Defend Viola Plummer and self-determination
Published Jun 13, 2007 10:20 PM
If there is a progressive person out there who still believes the myth that New
York City is a bastion of liberal politics, please rethink that. Consider two
extremely reactionary editorials: one in the June 9 New York Post and the other
in the June 12 New York Daily News. Both editorials viciously attacked Viola
Plummer, a Black revolutionary leader of the Brooklyn-based December 12th
The recent spark that led to these editorials is D12’s leading
role—along with New York City Councilperson and former Black Panther
Charles Barron—in trying to get an avenue in the Brooklyn community of
Bedford-Stuyvesant renamed “Sonny Carson Avenue.” The late Sonny
Carson was a well-known Black nationalist community activist who advocated
self-determination. (Read www.workers.org/2007/us/sonny-carson-0617/)
When the majority of white City Council members, lead by the Council Speaker
Christine Quinn, was instrumental in voting down the proposal on May 30 for the
Carson street renaming, Plummer, Barron and other Black activists justifiably
labeled this action as racist.
Excerpts from a June 9 media release by D12 in defense of Plummer read,
“The Bedford Stuyvesant community’s proposal to rename Gates Avenue
to Sonny Abubadika Carson Avenue sparked a heated confrontation in the chambers
of City Hall, where the issue of community self-determination was subjected to
Council Speaker Christine Quinn’s negative prerogative. Subsequently,
veteran political activist and chief of staff for Councilman Charles Barron,
Viola Plummer was overheard by reporters advocating the ‘assassination of
the political career’ of Quinn minion Leroy Comrie, for abstaining from
the Council vote along with six other Black and Latino Council members.
“The next day Comrie joked with Plummer about the incident. However
several days later, a ‘suddenly irate’ Comrie spoke out calling for
Plummer’s firing. Barron and Plummer view this as a calculated diversion
from Quinn’s racist political assault on community self-determination and
her role in dictating leadership to Blacks.”

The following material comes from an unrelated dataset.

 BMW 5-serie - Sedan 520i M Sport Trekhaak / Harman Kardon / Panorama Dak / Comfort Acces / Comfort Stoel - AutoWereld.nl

“Diversion” is crucial in describing the real motives of these
racist editorials. Not only do these editorials have the audacity to call for
Quinn to remove Plummer from her position as Barron’s chief of staff, but
they attack Plummer’s contributions to the struggle—including
defending the right to sovereignty from Harlem to Zimbabwe. These editorials
have a strong divide-and-conquer element.

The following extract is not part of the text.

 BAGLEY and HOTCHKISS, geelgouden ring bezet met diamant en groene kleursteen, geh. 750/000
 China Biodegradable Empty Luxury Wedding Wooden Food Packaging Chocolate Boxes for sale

Let’s be very clear. The Black community in New York, similar to other
oppressed peoples, is being overwhelmed in disproportionate numbers by rampant
police brutality, gentrification, unemployment, inadequate education,
imprisonment and much more. Plummer and Barron are two important leaders of the
legitimate aspirations of the Black community; the New York Post and New York
Daily News editorial boards—bosses’ mouthpieces—certainly are
not. Workers World Party stands in solidarity with these leaders and for the
right of Brooklyn’s Black community to rename a street for Sonny Carson.
To build anti-racist unity and class solidarity, others in the progressive
movement of all nationalities are urged to do the same, in words and in deeds.